= Beginning of Section =

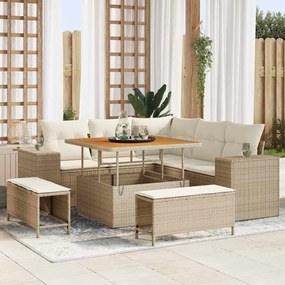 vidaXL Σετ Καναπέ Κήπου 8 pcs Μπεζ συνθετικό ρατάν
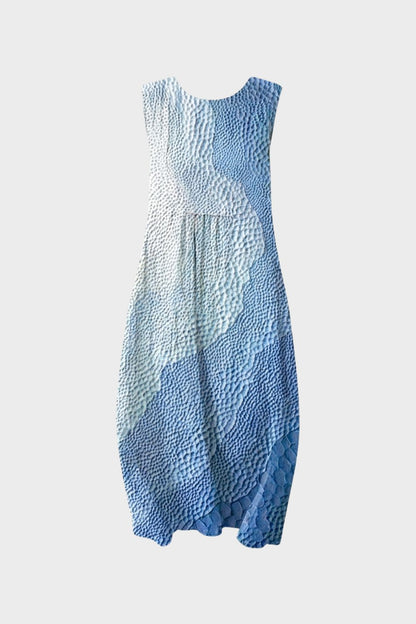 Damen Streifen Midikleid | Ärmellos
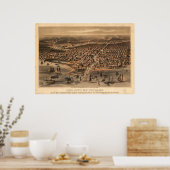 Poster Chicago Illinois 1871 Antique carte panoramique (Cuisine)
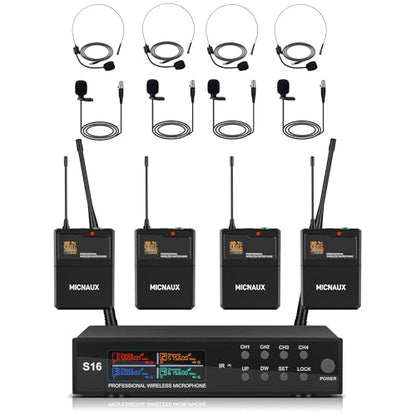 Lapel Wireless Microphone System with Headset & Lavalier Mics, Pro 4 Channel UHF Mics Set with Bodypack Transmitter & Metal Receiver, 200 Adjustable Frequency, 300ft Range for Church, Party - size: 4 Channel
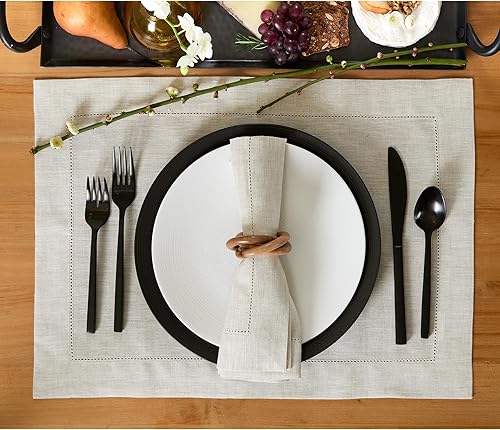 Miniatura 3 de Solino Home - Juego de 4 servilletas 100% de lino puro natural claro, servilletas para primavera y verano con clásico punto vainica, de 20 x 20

= End of Section =
= Beginning of Section =

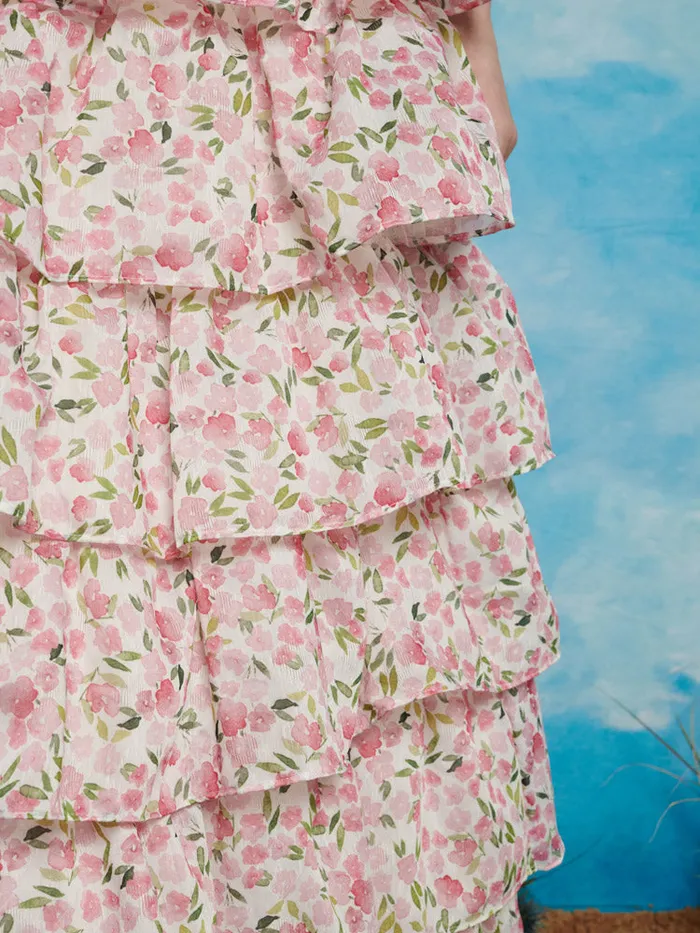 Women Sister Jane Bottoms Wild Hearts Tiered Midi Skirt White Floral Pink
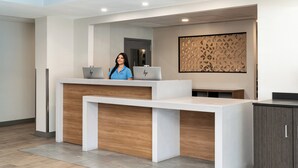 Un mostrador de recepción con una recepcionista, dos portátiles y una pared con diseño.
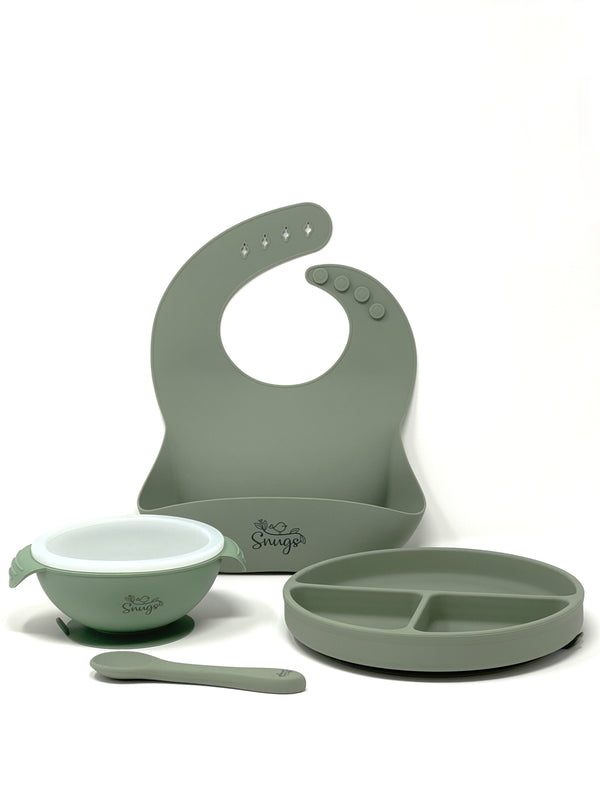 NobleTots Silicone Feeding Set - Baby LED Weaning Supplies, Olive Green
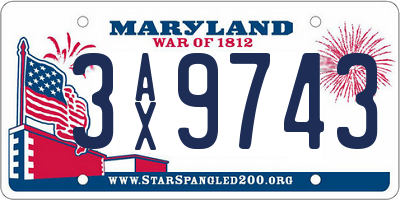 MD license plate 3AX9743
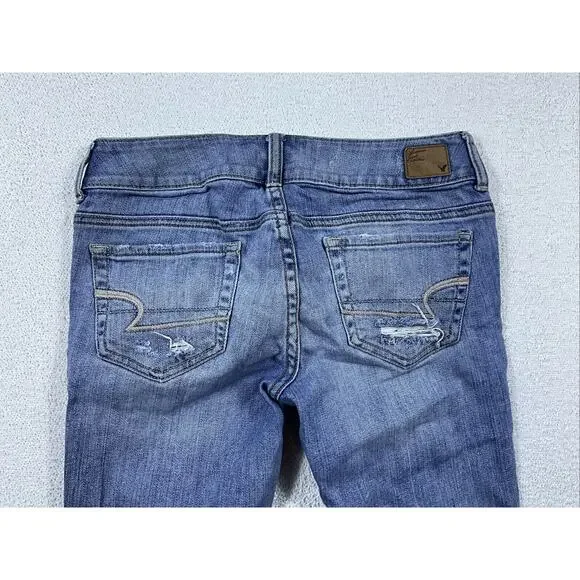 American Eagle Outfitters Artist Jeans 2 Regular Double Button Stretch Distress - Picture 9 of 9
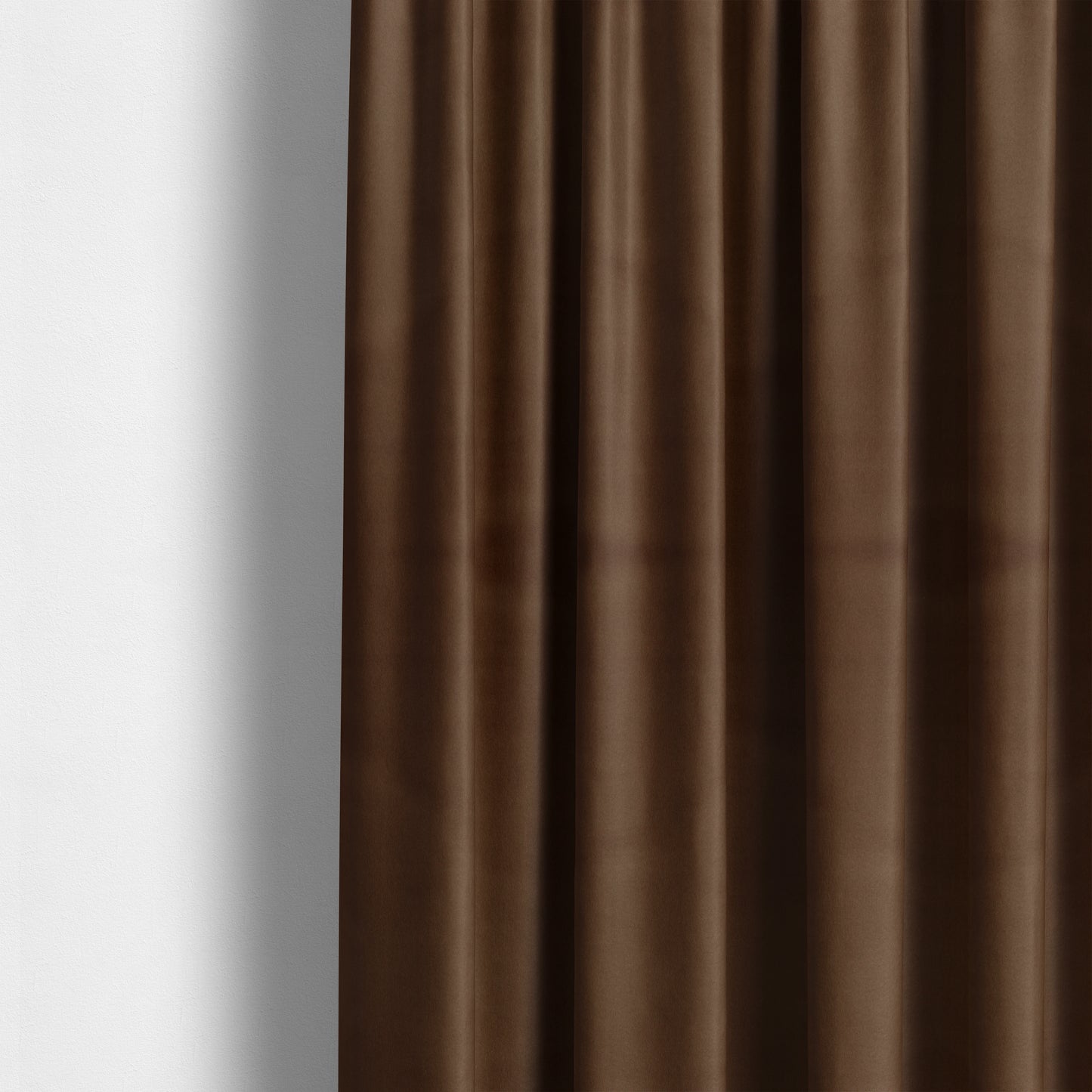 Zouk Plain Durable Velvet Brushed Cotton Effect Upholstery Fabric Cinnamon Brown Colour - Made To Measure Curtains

= End of Section =
= Beginning of Section =

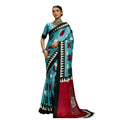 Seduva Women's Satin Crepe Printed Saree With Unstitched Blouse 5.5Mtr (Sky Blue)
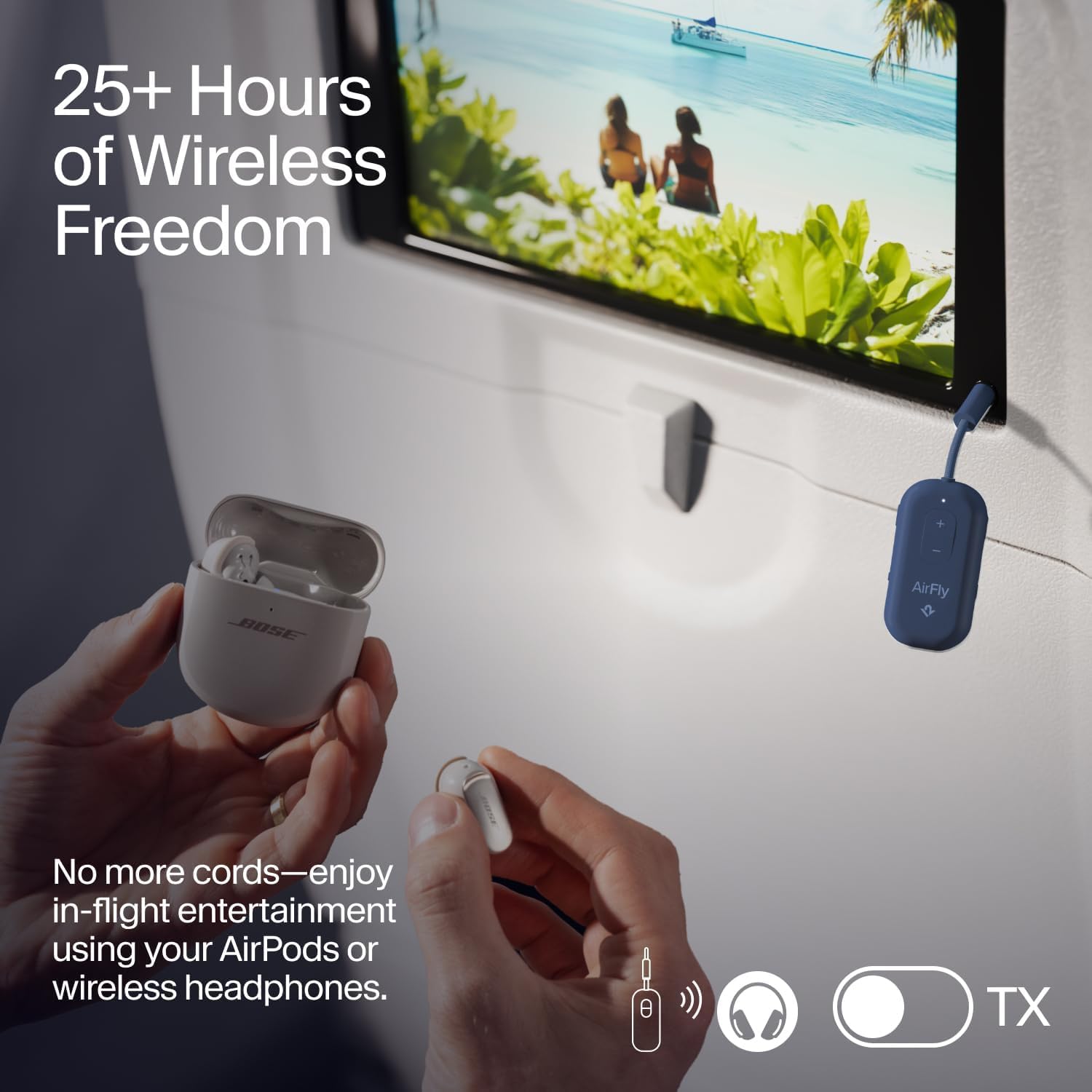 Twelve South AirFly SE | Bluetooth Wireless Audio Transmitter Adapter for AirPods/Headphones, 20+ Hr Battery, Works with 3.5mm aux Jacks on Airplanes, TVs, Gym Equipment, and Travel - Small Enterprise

= End of Section =

▸ **What is being asked**
Reproduce the entries exactly, from the line with "vidaXL Σετ Καναπέ" to the line with "Poster Chicago Illinois", both lines included, keeping no pictures.

▸ **Solution**
 vidaXL Σετ Καναπέ Κήπου 8 pcs Μπεζ συνθετικό ρατάν
 Damen Streifen Midikleid | Ärmellos
 Poster Chicago Illinois 1871 Antique carte panoramique (Cuisine)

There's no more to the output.